After a hectic period of going through the bazillions of first-looks and previews of the newly announced Fuji cameras and lenses, I am going back to basics and simplicity, taking the good old X100s on photowalks with me (you can follow my Instagram feed for some of these pics as I upload them in the coming days). I have also been able to sell my X-E1 and X-E2 (which used to be my back-up camera, currently replaced for that purpose by the X100s… until the X-T2 is announced and the X-T1 becomes the back-up?), and used the proceeds to order the XF90mmF2 (primes are really where the Fuji X-Series shines in my opinion), which is currently on its way home.
Meanwhile, DPReview has published a very interesting interview with 2 senior Fujifilm executives (see at the bottom for details) they met in Tokyo during the celebration of the 5th anniversary of the X-Series. You can read the full interview by clicking here.
What stands out is that the Fujifilm executives are not only very ambitious for the X-Series, but there are not shy in expressing these ambitions and discussing the competitive landscape.
We’d like to be at least in the top three companies in the camera business by market share.
Mr Toru Takahashi
The strong domination of the 2 giants Canon and Nikon might come to an end some day, but for the moment they have more than enough room to stay well ahead of the rest in the near-future (to give you an idea, Canon and Nikon combined accounted for more than 75% of the interchangeable-lens camera market by volume in 2014, while Sony came third with 13%, according to data compiled by the market research company IDC).
With Canon and Nikon at least temporarily out of reach, if Fujifilm wants to achieve its ambition of being in the top 3, that means they will first need to win the battle of the mirrorless market, to complement the staggering success of Instax cameras (which are dominating on the market they have created themselves).
Regarding Sony, the executives recognize that the fact that they produce their own sensor gives Sony an edge. However, they also very candidly (and unusually) point out what they think are the weaknesses of Sony.

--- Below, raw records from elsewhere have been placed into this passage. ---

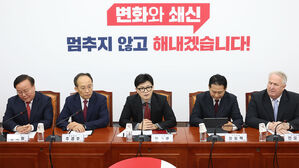 여당, '김 여사 특검법' 본회의 표결 불참 결정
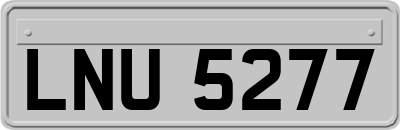 LNU5277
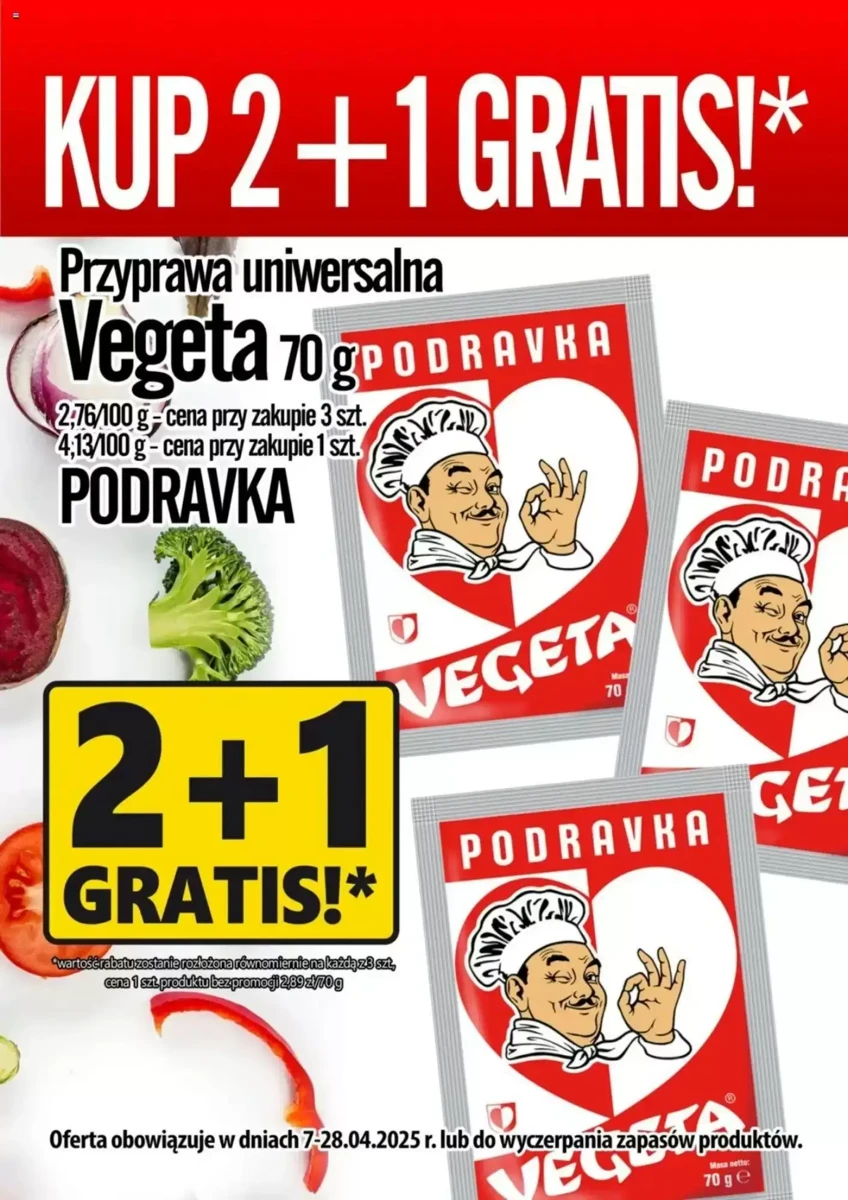 Gazetka Prim Market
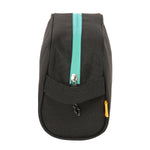 Reise-Toilettentasche Kings League El barrio Schwarz 24 x 15 x 10 cm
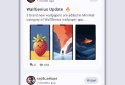 CreativeApp screenshot 3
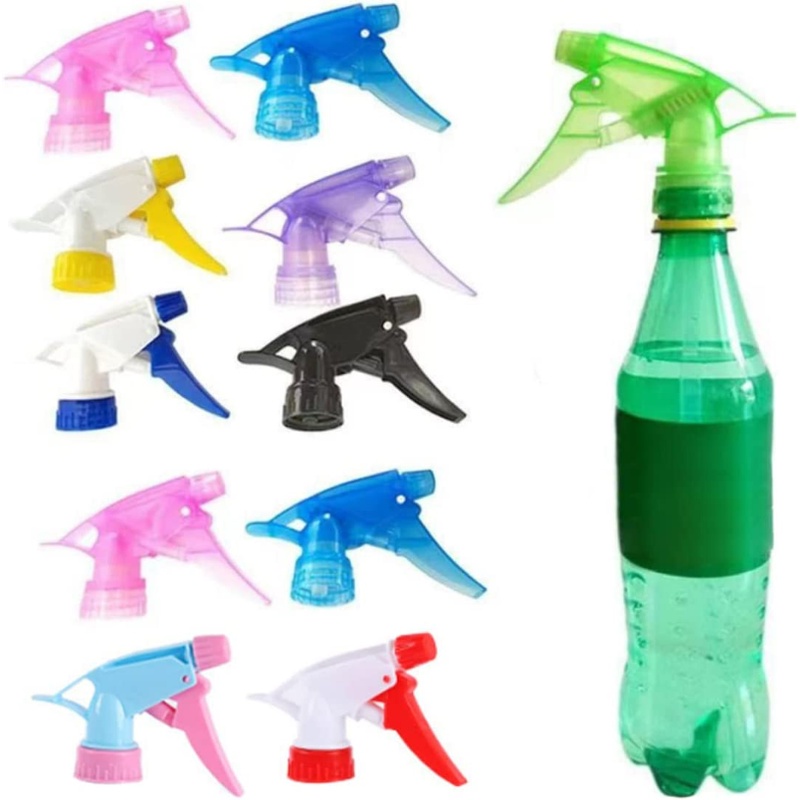 Botol Minuman Universal Nozel/Hortikultura Kecil Hairdressing Household Trigger Nozzle/Botol Coke Plastik Spray Head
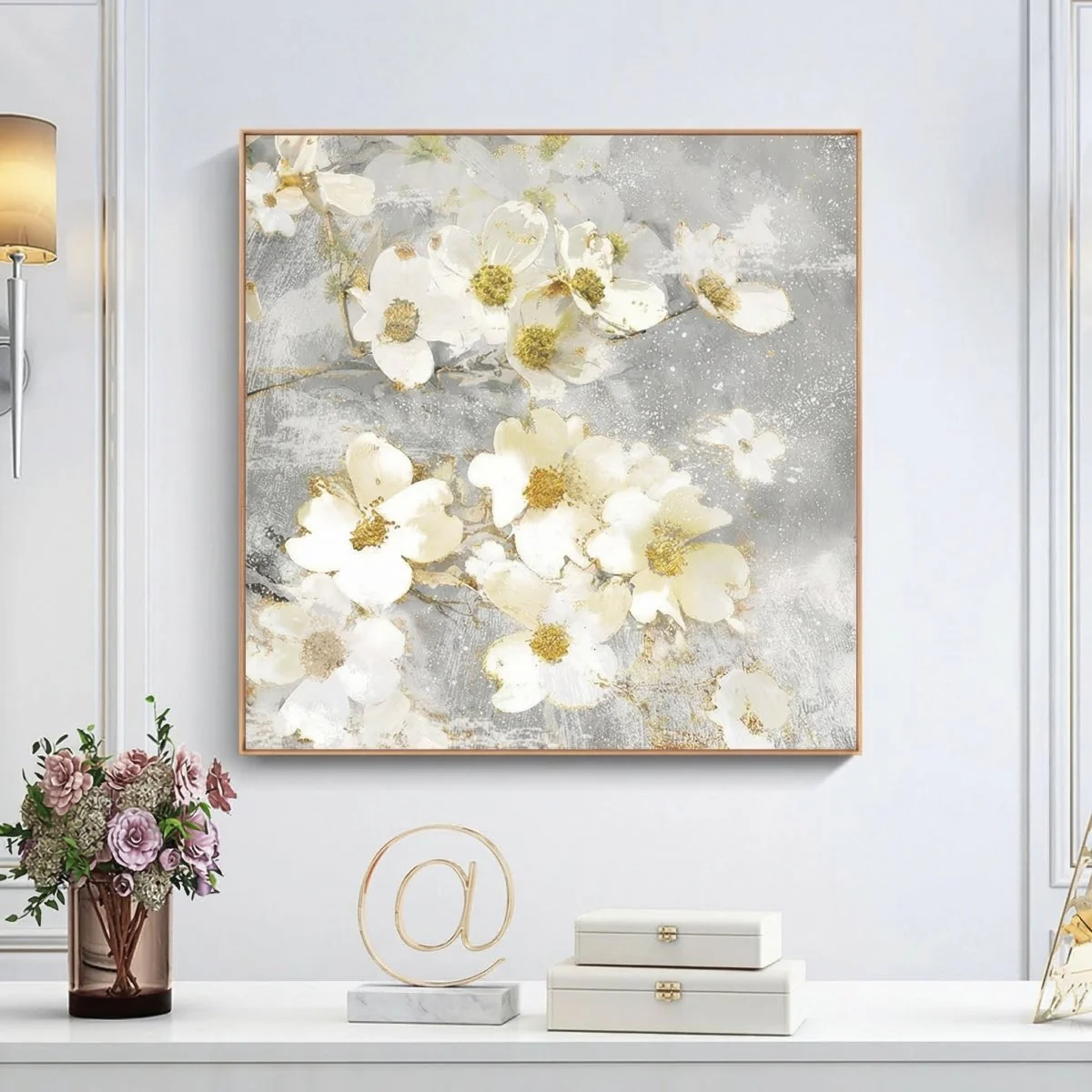 White Lily Snowstorm - Image 2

Sony has a big advantage, they make their own sensors. That is a very big advantage for them, but they are weak in lenses.
Mr Toru Takahashi
They are weakened by having so many formats. APS-C, full-frame, [across both] DSLR and mirrorless.
Mr Toshihisa Iida
While I personally prefer the lens lineup of the X-Series and trust in its future expansion, Sony’s recent effort to tackle the argument of the lack of lenses should not be underestimated. This argument is becoming less true and Sony now also offers some clarity regarding the future with a lens roadmap, similar to what Fujifilm did when they started the X-Pro1 with only 3 prime lenses.
In any case, the Fujifilm executives seem very confident that Fujifilm will win the longer game while Sony will squander because of a lack of focus. I have always been confused by the number of models with different mounts that Sony has been releasing over the past few years, and they would logically benefit from focusing on a single system and lens mount. However, I would not discount as much Sony’s potential as the Fujifilm executives are doing. By experimenting in so many markets, Sony has found one domain in which they are more or less alone and that could be very profitable to them if they were to direct all their efforts into it: full-frame mirrorless cameras. They still haven’t found the magic formula that would allow them to mix their technological advance with some photographic mindset, but if they can find a way to do it…
As far as Micro 4/3 are concerned, they are not discussed in the interview, but I personally hope that a in-body image stabilization similar to the one developed by Olympus would make its way into a Fujifilm body. Also, in terms of video capabilities, Panasonic has a lot to teach to Fujifilm.
Overall, the competition is fierce, with many actors targeting the same market with different strengths. While I am not convinced that Fujifilm will achieve its objective to be in the top 3, the fact that they are trying to achieve it by deliberately focusing on one system thought for everyday photographers, rather than packing a ridiculous amount of megapixels on a tiny sensor, makes me confident that the X-Series is at least the right choice for me. Let me know what you think in the comments below 😉
Mr Toru Takahashi, Director, is Senior Vice President and General Manager of Fujifilm’s Optical Device & Electronic Imaging Products Divison. Mr Toshihisa Iida is General Manager of the Sales and Marketing Group of Fujifilm’s Optical Device & Electronic Imaging Products Division.